▼
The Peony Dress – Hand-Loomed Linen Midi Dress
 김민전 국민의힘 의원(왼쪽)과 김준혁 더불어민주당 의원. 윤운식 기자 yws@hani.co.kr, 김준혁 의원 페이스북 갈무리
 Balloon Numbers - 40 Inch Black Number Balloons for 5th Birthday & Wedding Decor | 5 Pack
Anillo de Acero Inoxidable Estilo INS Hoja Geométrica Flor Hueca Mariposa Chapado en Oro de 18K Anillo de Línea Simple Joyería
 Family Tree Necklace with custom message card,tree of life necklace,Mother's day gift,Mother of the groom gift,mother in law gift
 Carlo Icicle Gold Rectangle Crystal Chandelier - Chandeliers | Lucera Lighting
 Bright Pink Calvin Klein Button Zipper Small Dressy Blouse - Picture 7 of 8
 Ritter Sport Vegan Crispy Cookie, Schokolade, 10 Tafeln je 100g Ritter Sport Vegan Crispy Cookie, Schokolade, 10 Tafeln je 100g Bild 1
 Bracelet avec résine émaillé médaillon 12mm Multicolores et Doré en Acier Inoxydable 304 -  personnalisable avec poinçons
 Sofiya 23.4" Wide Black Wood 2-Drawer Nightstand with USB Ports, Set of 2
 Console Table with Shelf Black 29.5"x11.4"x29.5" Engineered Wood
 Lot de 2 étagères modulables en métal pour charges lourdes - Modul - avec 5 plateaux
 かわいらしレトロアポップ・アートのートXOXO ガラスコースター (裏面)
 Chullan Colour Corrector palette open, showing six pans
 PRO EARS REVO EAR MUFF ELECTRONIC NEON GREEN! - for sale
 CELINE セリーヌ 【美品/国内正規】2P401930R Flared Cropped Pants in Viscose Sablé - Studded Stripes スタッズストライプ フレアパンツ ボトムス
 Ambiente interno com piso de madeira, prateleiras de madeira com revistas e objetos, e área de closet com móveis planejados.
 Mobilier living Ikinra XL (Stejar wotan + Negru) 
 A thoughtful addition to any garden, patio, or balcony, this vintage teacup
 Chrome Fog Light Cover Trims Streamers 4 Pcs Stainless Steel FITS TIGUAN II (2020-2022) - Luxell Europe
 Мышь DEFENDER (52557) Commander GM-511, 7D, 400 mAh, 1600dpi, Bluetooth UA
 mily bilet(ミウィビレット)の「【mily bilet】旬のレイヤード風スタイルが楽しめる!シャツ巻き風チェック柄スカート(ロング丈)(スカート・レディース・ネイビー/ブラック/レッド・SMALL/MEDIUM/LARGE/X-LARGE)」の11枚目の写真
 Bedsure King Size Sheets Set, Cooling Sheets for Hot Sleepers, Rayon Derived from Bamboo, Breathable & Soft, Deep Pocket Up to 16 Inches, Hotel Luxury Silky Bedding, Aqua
▲
[WHAT THIS TASK INVOLVES]:
Give back the entries above precisely as they appear.

[RESPONSE]:
The Peony Dress – Hand-Loomed Linen Midi Dress
 김민전 국민의힘 의원(왼쪽)과 김준혁 더불어민주당 의원. 윤운식 기자 yws@hani.co.kr, 김준혁 의원 페이스북 갈무리
 Balloon Numbers - 40 Inch Black Number Balloons for 5th Birthday & Wedding Decor | 5 Pack
Anillo de Acero Inoxidable Estilo INS Hoja Geométrica Flor Hueca Mariposa Chapado en Oro de 18K Anillo de Línea Simple Joyería
 Family Tree Necklace with custom message card,tree of life necklace,Mother's day gift,Mother of the groom gift,mother in law gift
 Carlo Icicle Gold Rectangle Crystal Chandelier - Chandeliers | Lucera Lighting
 Bright Pink Calvin Klein Button Zipper Small Dressy Blouse - Picture 7 of 8
 Ritter Sport Vegan Crispy Cookie, Schokolade, 10 Tafeln je 100g Ritter Sport Vegan Crispy Cookie, Schokolade, 10 Tafeln je 100g Bild 1
 Bracelet avec résine émaillé médaillon 12mm Multicolores et Doré en Acier Inoxydable 304 -  personnalisable avec poinçons
 Sofiya 23.4" Wide Black Wood 2-Drawer Nightstand with USB Ports, Set of 2
 Console Table with Shelf Black 29.5"x11.4"x29.5" Engineered Wood
 Lot de 2 étagères modulables en métal pour charges lourdes - Modul - avec 5 plateaux
 かわいらしレトロアポップ・アートのートXOXO ガラスコースター (裏面)
 Chullan Colour Corrector palette open, showing six pans
 PRO EARS REVO EAR MUFF ELECTRONIC NEON GREEN! - for sale
 CELINE セリーヌ 【美品/国内正規】2P401930R Flared Cropped Pants in Viscose Sablé - Studded Stripes スタッズストライプ フレアパンツ ボトムス
 Ambiente interno com piso de madeira, prateleiras de madeira com revistas e objetos, e área de closet com móveis planejados.
 Mobilier living Ikinra XL (Stejar wotan + Negru) 
 A thoughtful addition to any garden, patio, or balcony, this vintage teacup
 Chrome Fog Light Cover Trims Streamers 4 Pcs Stainless Steel FITS TIGUAN II (2020-2022) - Luxell Europe
 Мышь DEFENDER (52557) Commander GM-511, 7D, 400 mAh, 1600dpi, Bluetooth UA
 mily bilet(ミウィビレット)の「【mily bilet】旬のレイヤード風スタイルが楽しめる!シャツ巻き風チェック柄スカート(ロング丈)(スカート・レディース・ネイビー/ブラック/レッド・SMALL/MEDIUM/LARGE/X-LARGE)」の11枚目の写真
 Bedsure King Size Sheets Set, Cooling Sheets for Hot Sleepers, Rayon Derived from Bamboo, Breathable & Soft, Deep Pocket Up to 16 Inches, Hotel Luxury Silky Bedding, Aqua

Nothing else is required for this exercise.